# [DIRECTIONS FOR THIS TASK]
Copy out the lines beginning with the one that contains "Christmas celebrated across Russia" and ending with the last line below, exactly as they stand. Pictures are not copied.

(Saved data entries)
----

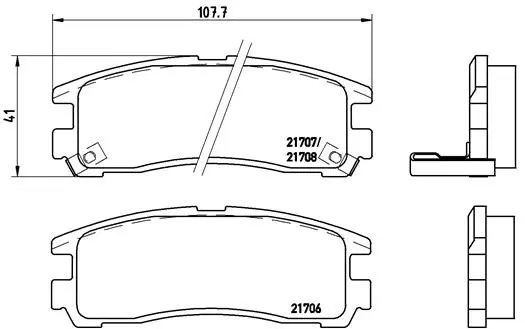 Brake Pad Set, disc brake (P 54 012)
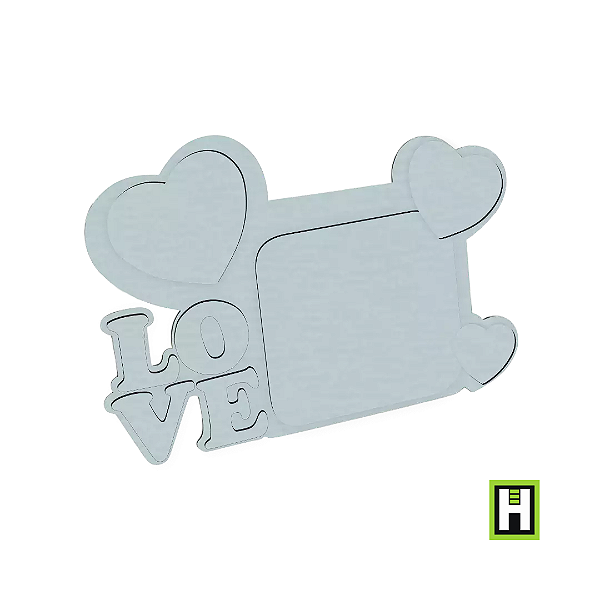 Porta Retrato MDF Love Camadas
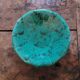 Ceramic bowl with malachite green glaze. 1950s. Ceramic bowl with green glaze.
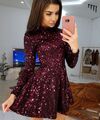 Красивое платье с пайетками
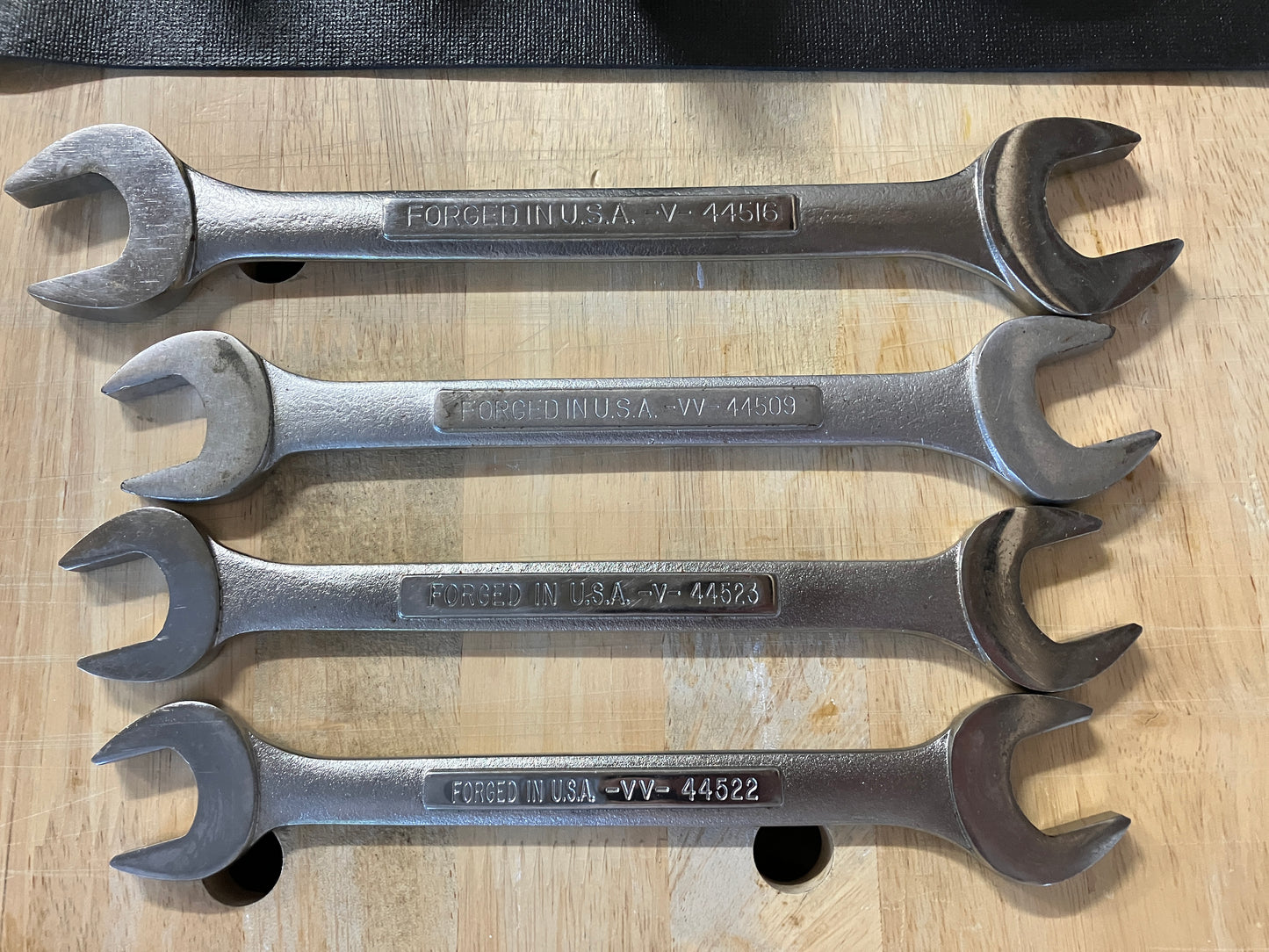 Vintage Craftsman 4pc Metric Open End Wrench Set USA Bundle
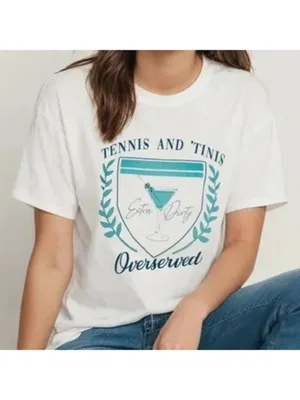 Wildfox Tennis and 'Tinis T-Shirt thumbnail 2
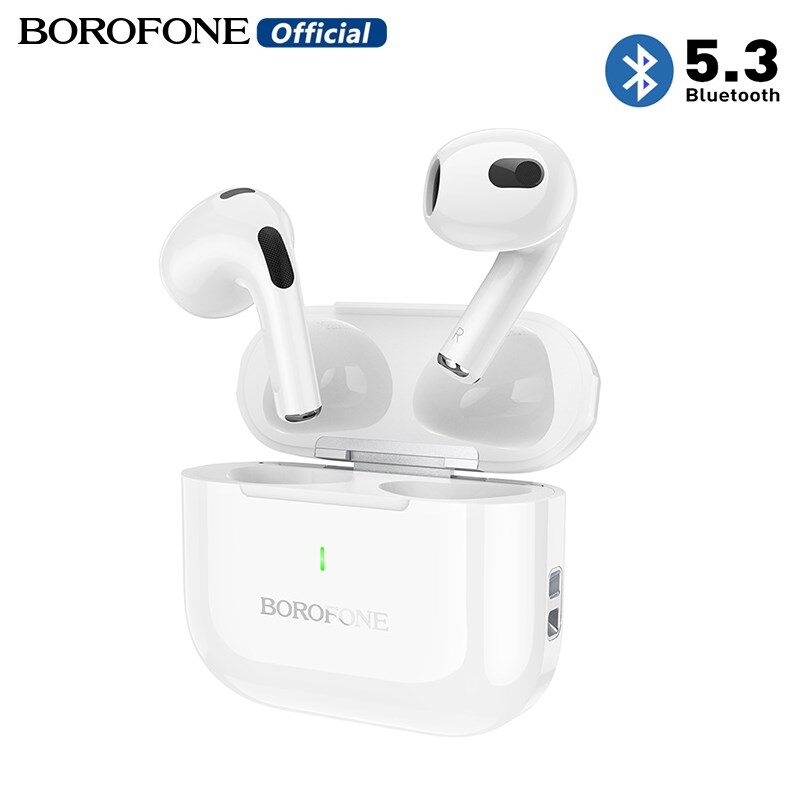 BOROFONE BW58 TWS True Wireless Headset Bluetooth Headphones BT5.3 With Microphone Touch Control Earbuds HD Stereo Sports Headset For iOS Android Xiaomi Huawei Oppo Vivo Sumsung All Smartphones Universal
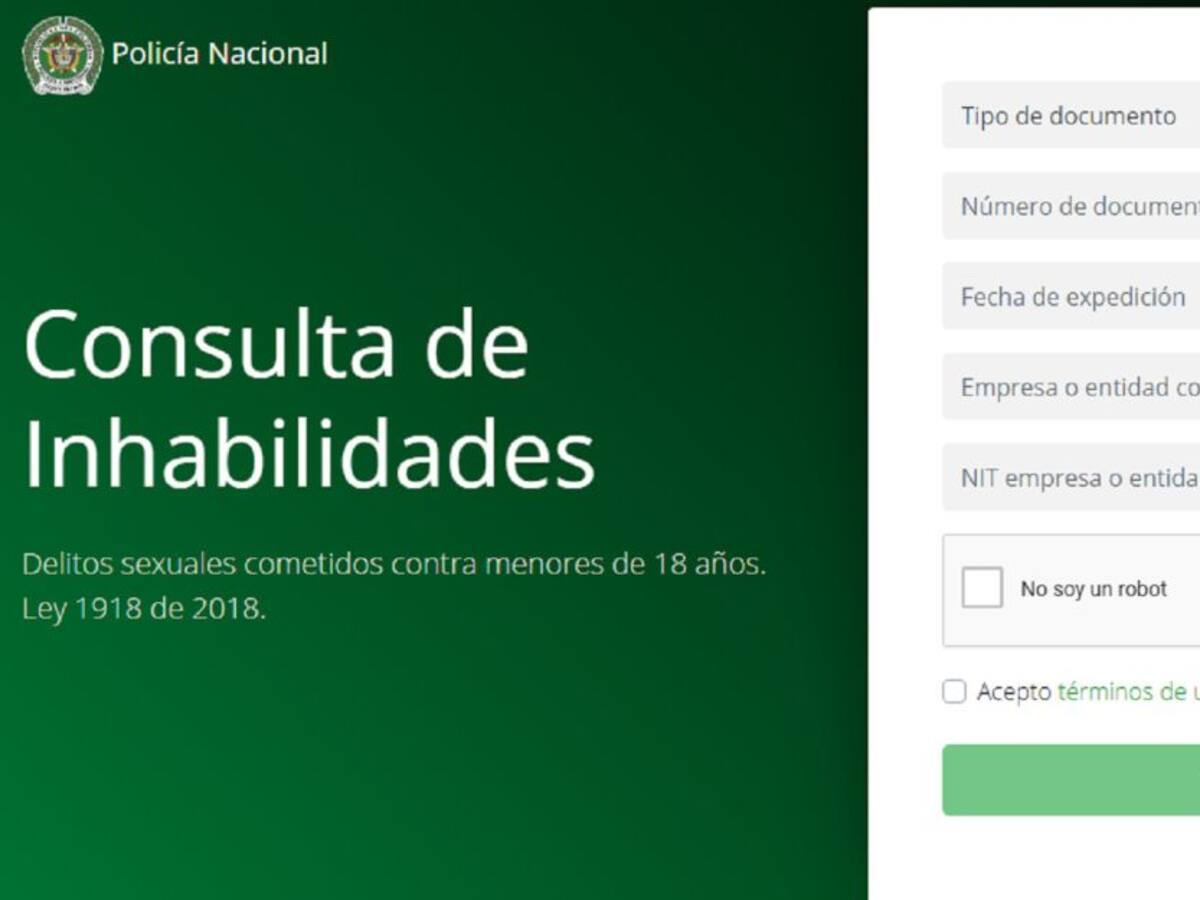 Policía habilitó consulta de antecedentes por delitos sexuales a menores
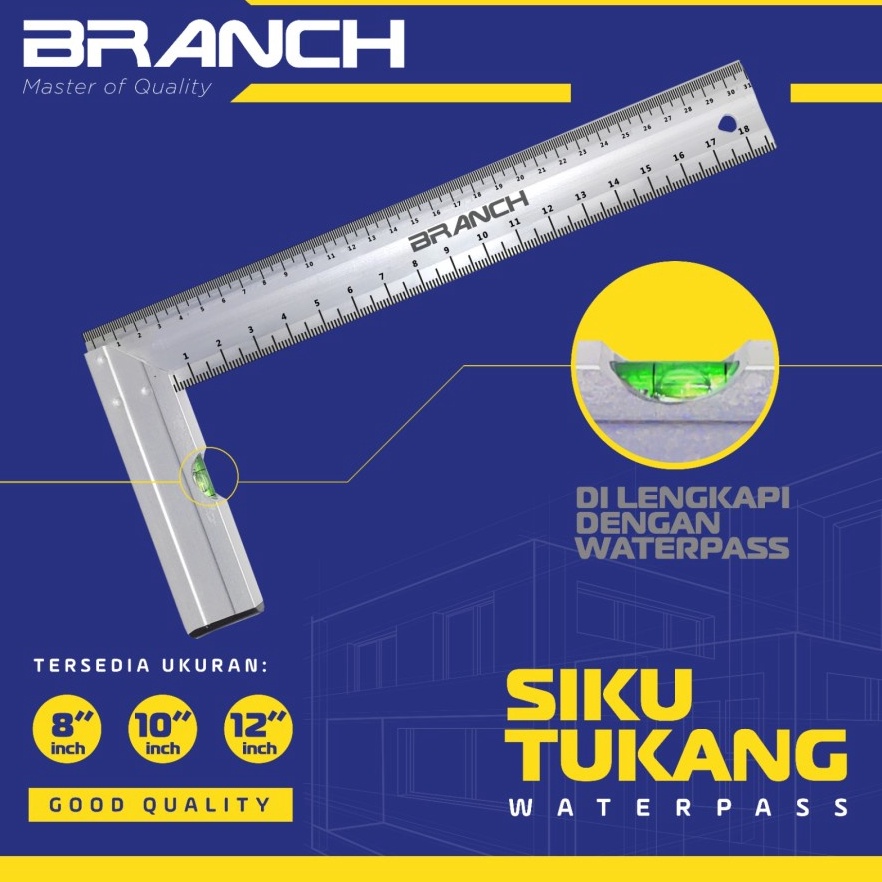 

BRANCH PENGGARIS SIKU TUKANG ALUMINIUM WATERPASS 25 CM 1 BSK21 KODE V7D9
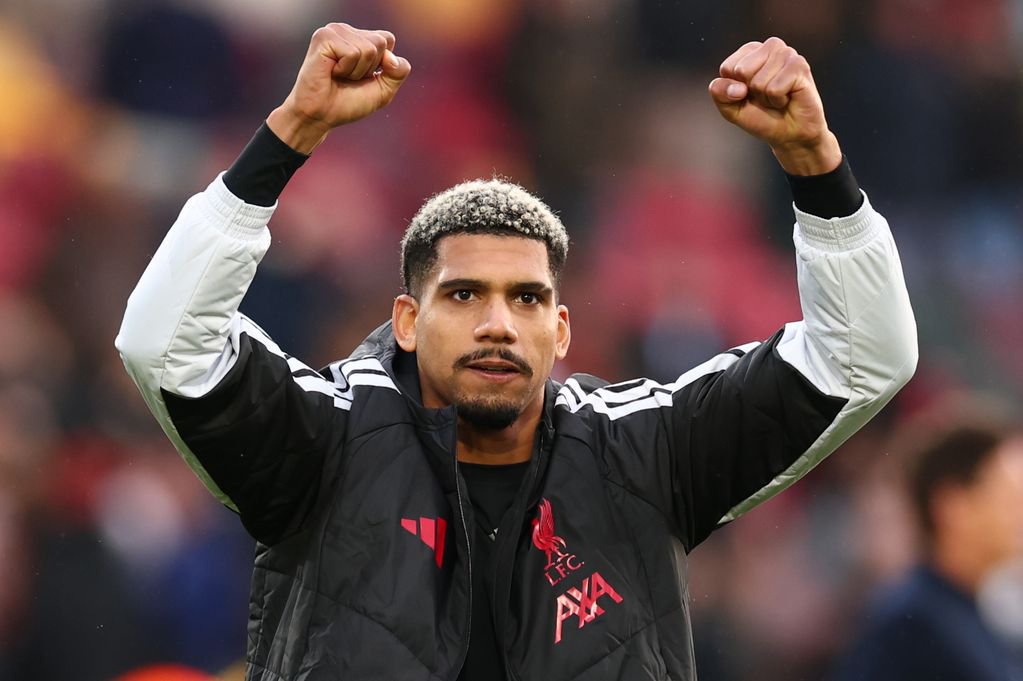Liverpool defender Ronald Araujo.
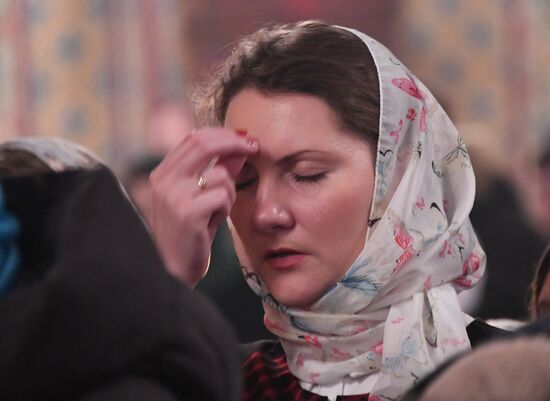 Christmas celebrated across Russia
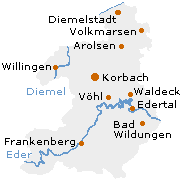 Waldeck Fankenberg Kreis in Hessen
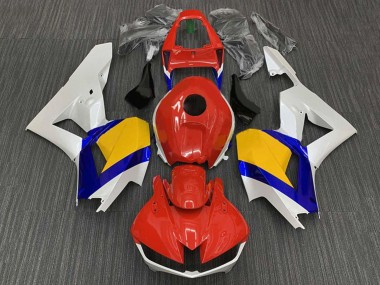 2013-2023 Honda CBR600RR Motorcycle Fairings - White Red Blue Yellow
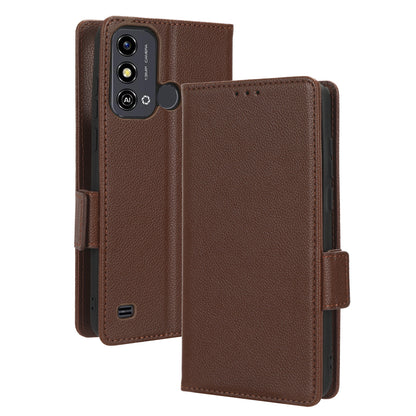 For ZTE Blade A53 / A53+ Litchi Texture Magnetic Closure Phone Case Wallet Stand PU Leather Cover
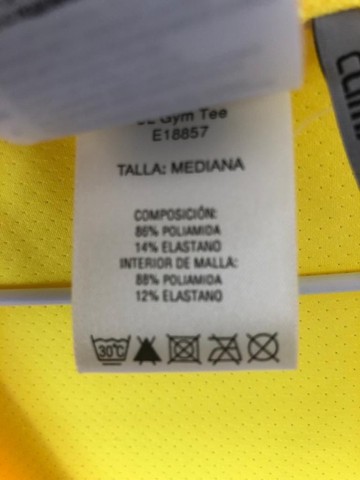 Camiseta de ginástica Adidas amarela - nova  - Foto 4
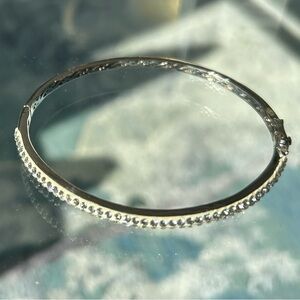 Silver Sparkling Stone Bracelet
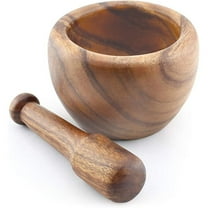 Acacia Wood Mortar and Pestle 5.5 W x 3.5 H inch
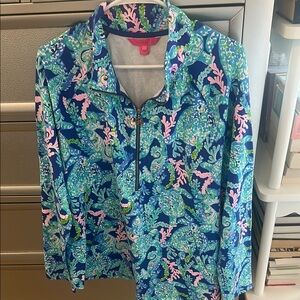 Lilly Pulitzer turtle popover xxl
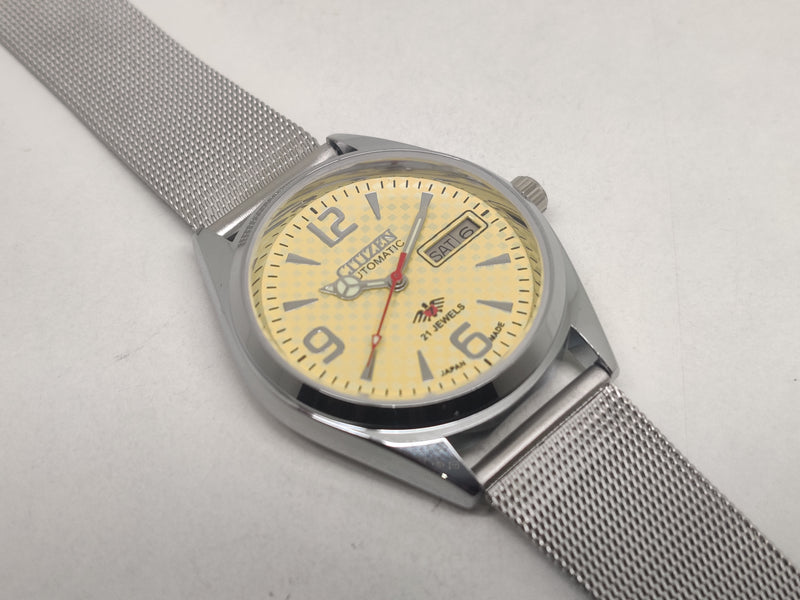 Citizen Automatic 8200 Movement stainless steel Japan Made 21 Jewels Men s Wrist Watch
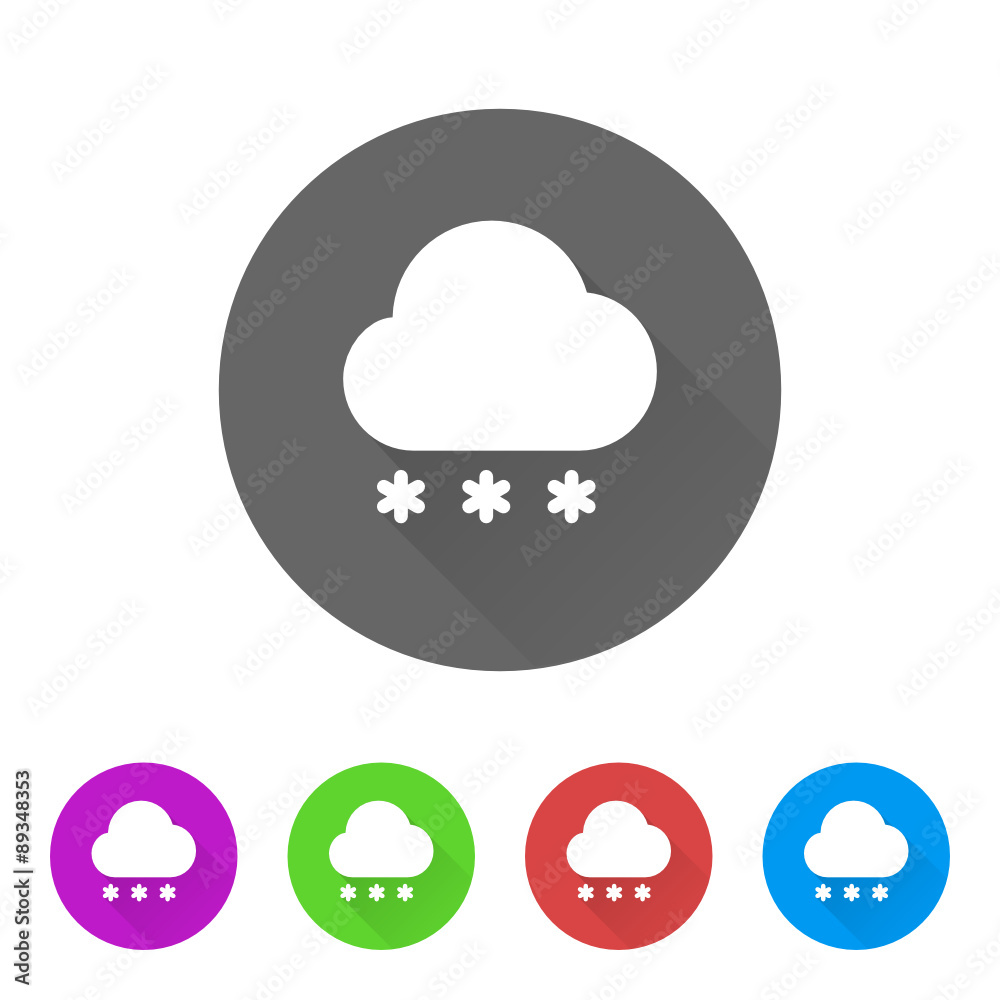 App Icon Long Shadow - 5 Colors App Icon Long Shadow - 5 Colors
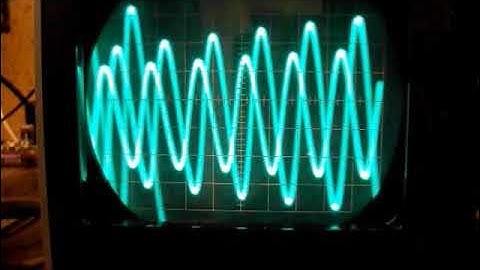 TSG-17  Internal Audio Oscillator Frequency Gradually Increased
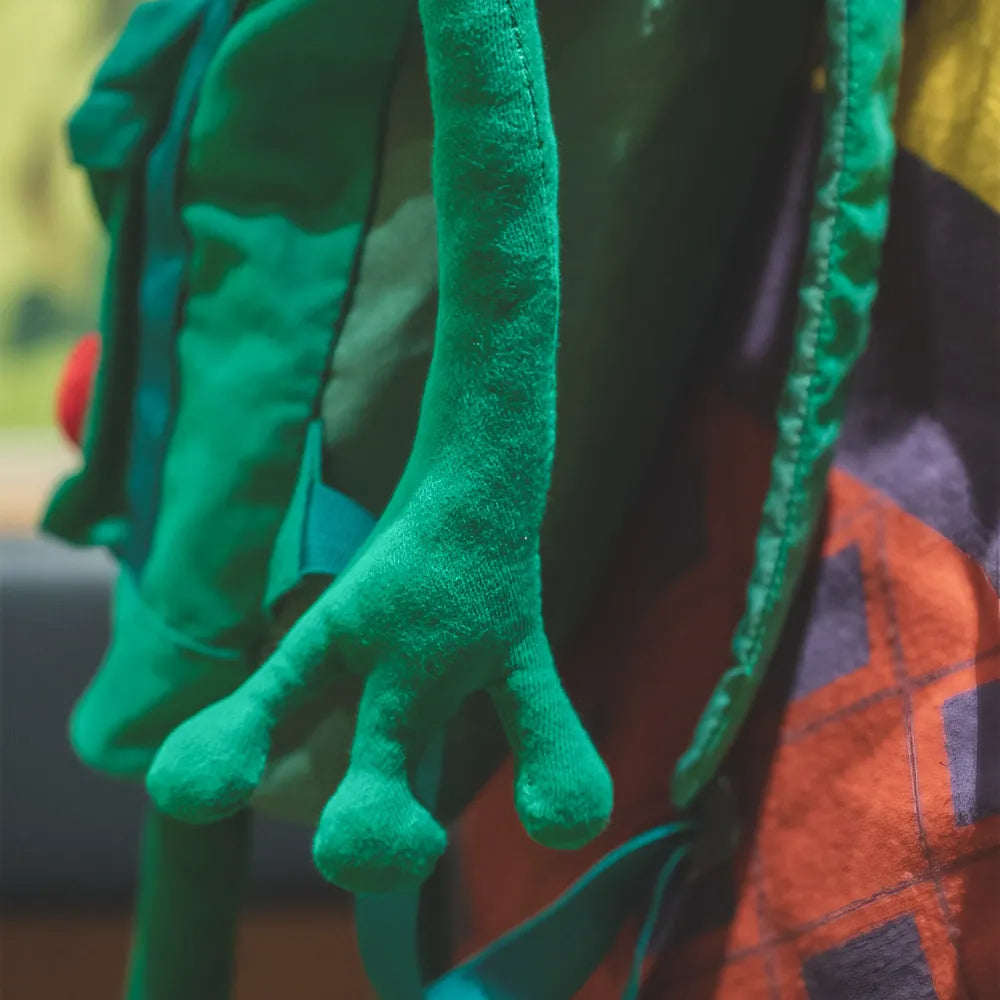 Handmade Cute Green Frog Canvas Kawaii Backpack Casual and Cute Handmade Cute Green Frog Canvas Kawaii Backpack Casual and Cute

----

# [FINISHED EXERCISE]
 Christmas celebrated across Russia
 Waldeck Fankenberg Kreis in Hessen
 2013-2023 Honda CBR600RR Motorcycle Fairings - White Red Blue Yellow
 For ZTE Blade A53 / A53+ Litchi Texture Magnetic Closure Phone Case Wallet Stand PU Leather Cover
 Camiseta de ginástica Adidas amarela - nova  - Foto 4
 Silver Sparkling Stone Bracelet
 Acacia Wood Mortar and Pestle 5.5 W x 3.5 H inch
 Lilly Pulitzer turtle popover xxl
 Citizen Automatic 8200 Movement stainless steel Japan Made 21 Jewels Men s Wrist Watch
 App Icon Long Shadow - 5 Colors App Icon Long Shadow - 5 Colors
 TSG-17  Internal Audio Oscillator Frequency Gradually Increased
 Handmade Cute Green Frog Canvas Kawaii Backpack Casual and Cute Handmade Cute Green Frog Canvas Kawaii Backpack Casual and Cute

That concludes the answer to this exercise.